Although mitochondrial disorders are clinically heterogeneous, they frequently involve the central nervous system and are among the most common neurogenetic disorders. Identifying the causal genes has benefited enormously from advances in high-throughput sequencing technologies; however, once the defect is known, researchers face the challenge of deciphering the underlying disease mechanism. Here we characterize large biallelic deletions in the region encoding the ATAD3C, ATAD3B and ATAD3A genes. Although high homology complicates genomic analysis of the ATAD3 defects, they can be identified by targeted analysis of standard single nucleotide polymorphism array and whole exome sequencing data. We report deletions that generate chimeric ATAD3B/ATAD3A fusion genes in individuals from four unrelated families with fatal congenital pontocerebellar hypoplasia, whereas a case with genomic rearrangements affecting the ATAD3C/ATAD3B genes on one allele and ATAD3B/ATAD3A genes on the other displays later-onset encephalo…
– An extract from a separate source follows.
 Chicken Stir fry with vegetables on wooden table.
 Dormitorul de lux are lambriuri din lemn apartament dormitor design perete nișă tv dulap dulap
Authors: Desai, R;Frazier, AE;Durigon, R;Patel, H;Jones, AW;Dalla Rosa, I;Lake, NJ;Compton, AG;Mountford, HS;Tucker, EJ;Mitchell, ALR;Jackson, D;Sesay, A;di Re, M;van den Heuvel, LP;Burke, D;Francis, D;Lunke, S;McGillivray, G;Mandelstam, S;Mochel, F;Keren, B;Jardel, C;Turner, AM;Ian Andrews, P;Smeitink, J;Spelbrink, JN;Heales, SJ;Kohda, M;Ohtake, A;Murayama, K;O...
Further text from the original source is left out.